No image is to be carried over; reproduce the rest of the listing word for word.

The data:
##############################

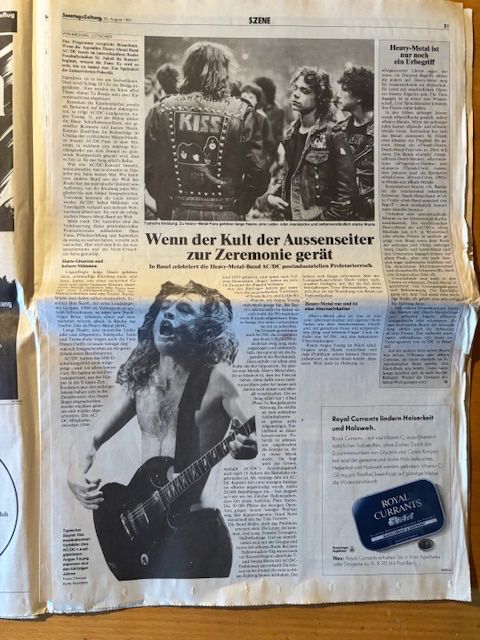 Riviste & Magazine: Sonntagszeitung vom 25. August 1991 – Usato da Seon venduto da retep012 3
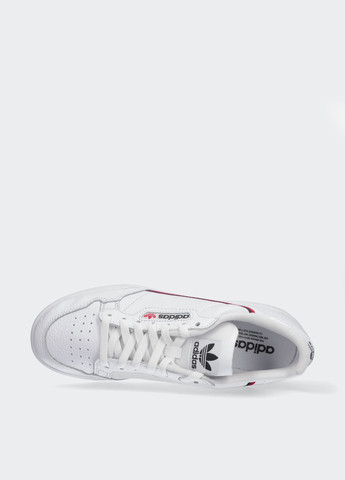 Белые всесезонные кроссовки adidas CONTINENTAL 80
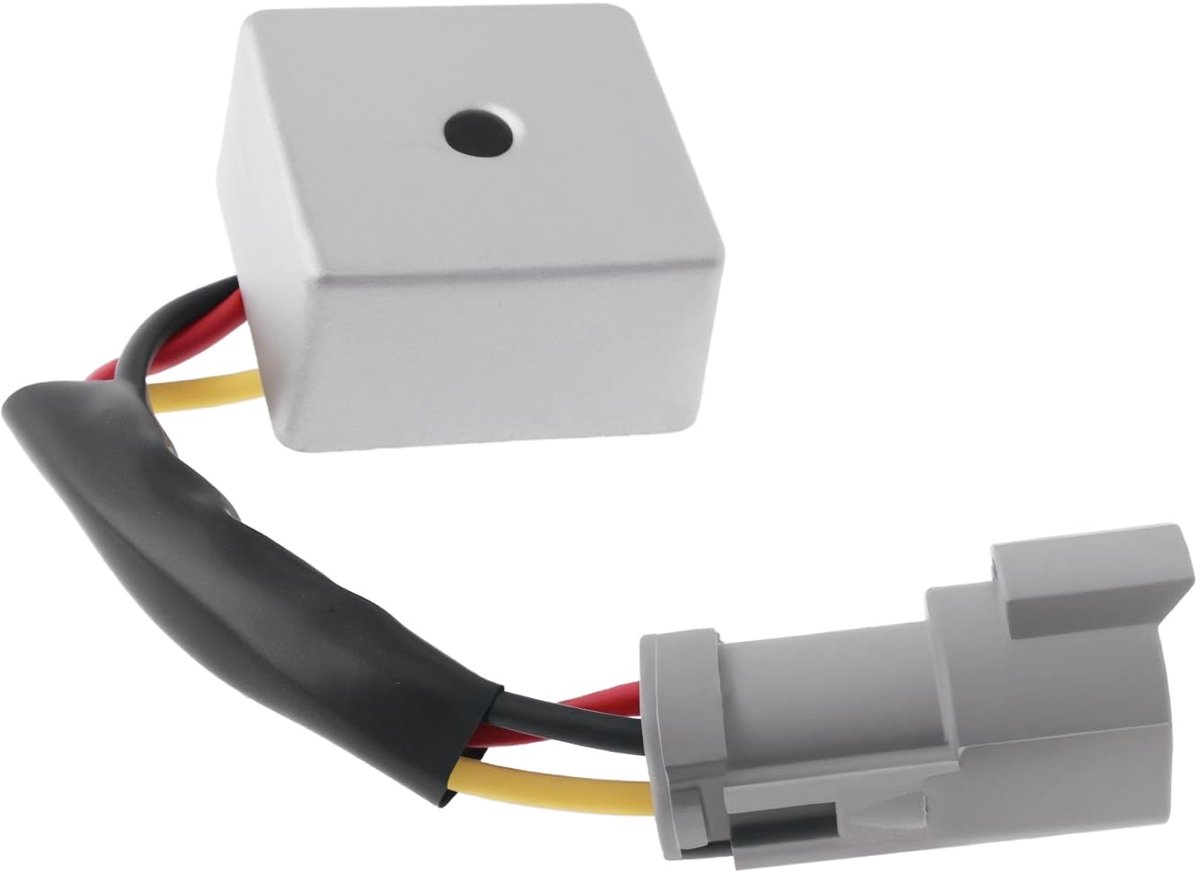 1pc 12 volt voltage regulator rectifier replacement 1025159 01 1028033 01 compatible with club car 2004 up precedent 4 cycle gas golf cart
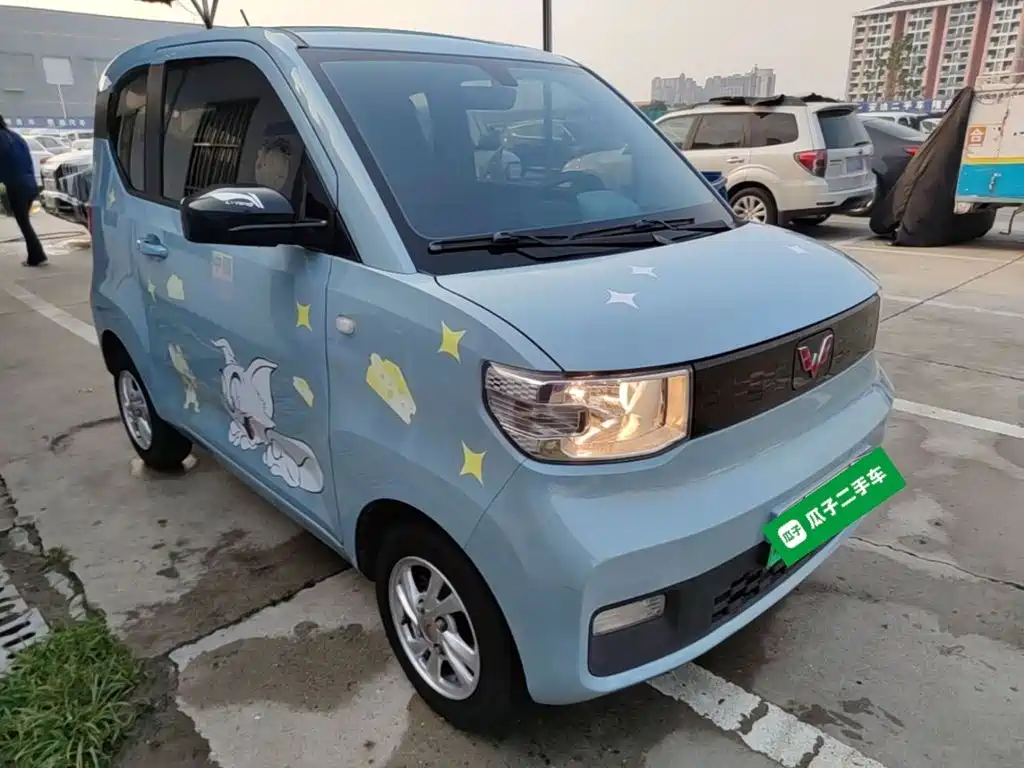 Wuling MINIEV — миниатюра 4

##############################

Exercise answer:
 Riviste & Magazine: Sonntagszeitung vom 25. August 1991 – Usato da Seon venduto da retep012 3
 Белые всесезонные кроссовки adidas CONTINENTAL 80
 1pc 12 volt voltage regulator rectifier replacement 1025159 01 1028033 01 compatible with club car 2004 up precedent 4 cycle gas golf cart
 Wuling MINIEV — миниатюра 4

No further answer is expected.